▸ **Prompt**: Repeat the listing below in full and exactly, but without its pictures.

▸ **Provided material**:

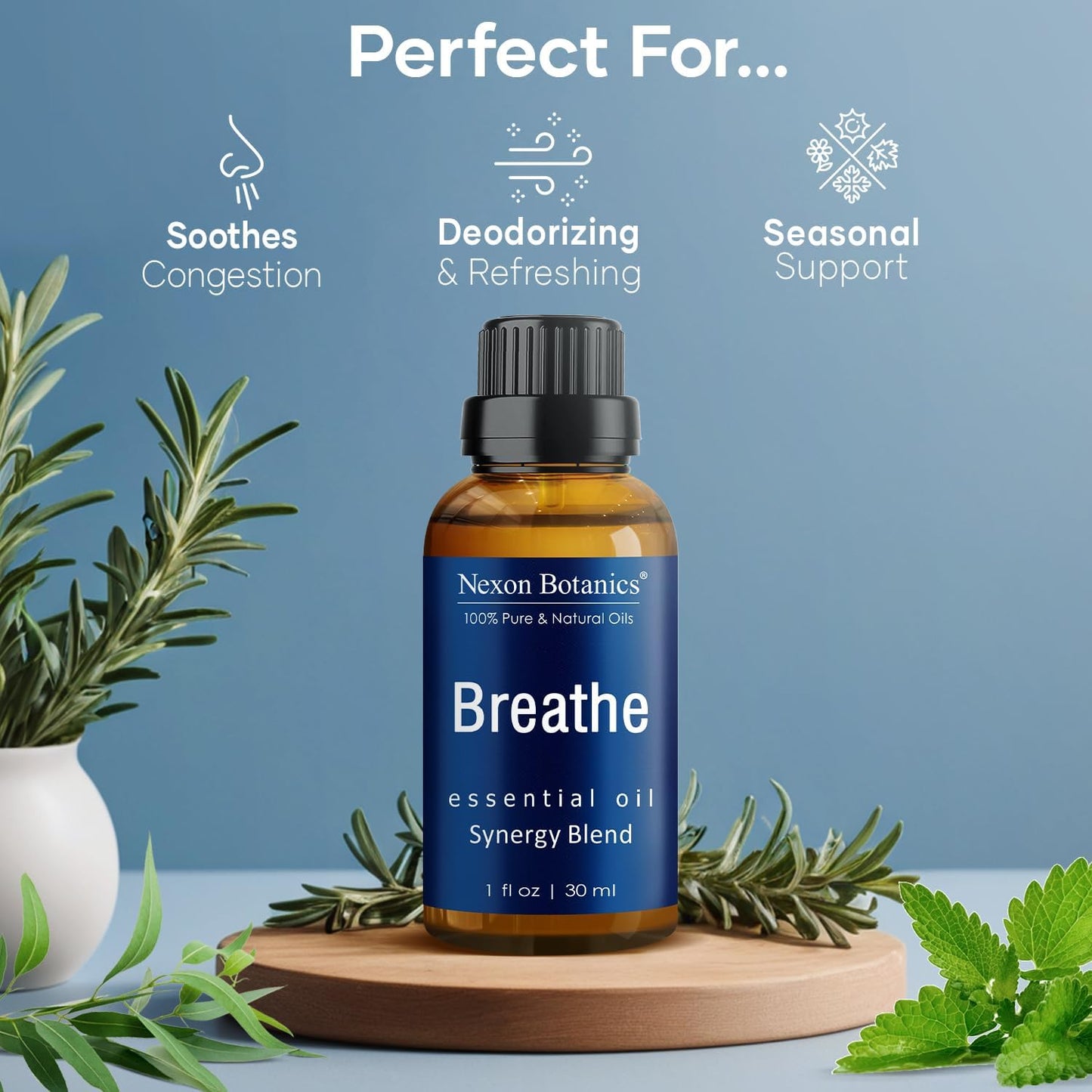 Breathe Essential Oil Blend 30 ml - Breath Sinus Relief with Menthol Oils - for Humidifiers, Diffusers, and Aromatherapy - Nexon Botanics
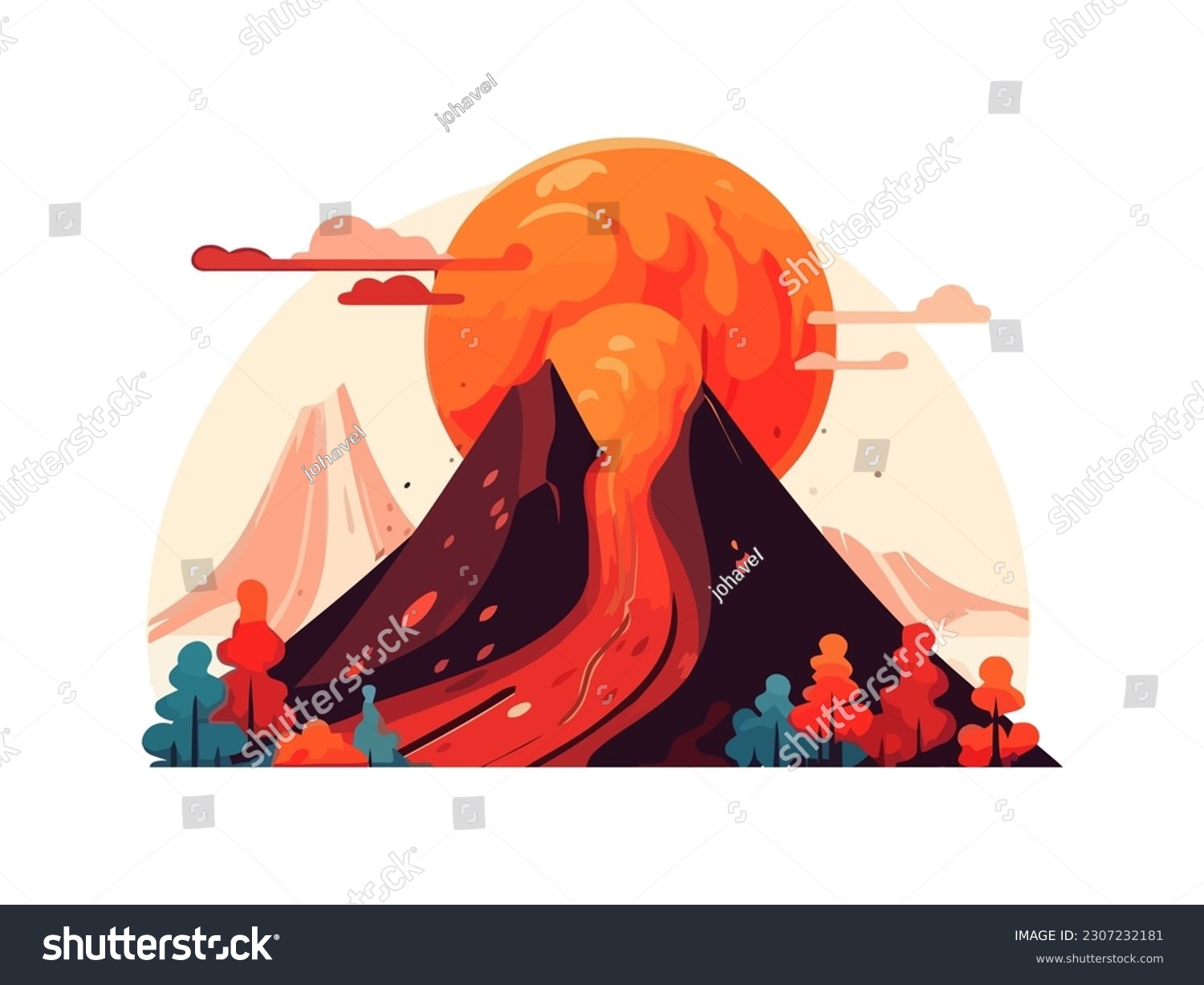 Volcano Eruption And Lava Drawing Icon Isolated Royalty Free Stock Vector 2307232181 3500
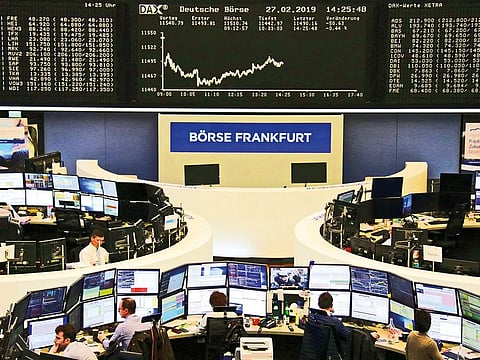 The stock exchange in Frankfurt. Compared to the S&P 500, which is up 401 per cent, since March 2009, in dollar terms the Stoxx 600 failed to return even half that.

▸ **Finished task**:
 Breathe Essential Oil Blend 30 ml - Breath Sinus Relief with Menthol Oils - for Humidifiers, Diffusers, and Aromatherapy - Nexon Botanics
 Volcano Eruption And Lava Drawing Icon Isolated Royalty Free Stock Vector 2307232181 3500
 The stock exchange in Frankfurt. Compared to the S&P 500, which is up 401 per cent, since March 2009, in dollar terms the Stoxx 600 failed to return even half that.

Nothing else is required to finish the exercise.